The solution corresponding to $\alpha =0.95$ is:

$$\begin{array}{c}u(x,t)=0.534906·t^2·x^2+0.345507·t^3·x+0.640468·t^2·x+0.991308·t^4+0.727712·t^3\\ -0.369689·t^2+0.416667·t·x^3-1.·t·x^2+0.683052·t·x-0.667241·t+x^2\end{array}$$

Figure 6 presents the approximate solutions corresponding to the values $\alpha =1$, $\alpha =0.95$, $\alpha =0.90$ and $\alpha =0.85$.

4. Conclusions

The present paper introduces the least squares differential quadrature method as a straightforward and efficient method with which to compute analytical approximate polynomial solutions for nonlinear partial differential equations with fractional time derivatives.

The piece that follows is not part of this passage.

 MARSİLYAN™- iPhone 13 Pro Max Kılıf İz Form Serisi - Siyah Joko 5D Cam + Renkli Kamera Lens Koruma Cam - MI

The included applications clearly illustrate the accuracy of the method. The comparison with the previously computed approximate solutions by well-known methods, such as the homotopy perturbation method [28] and the Adomian decomposition method [29], revealed not only a smaller error but also a much simpler expression of the solution.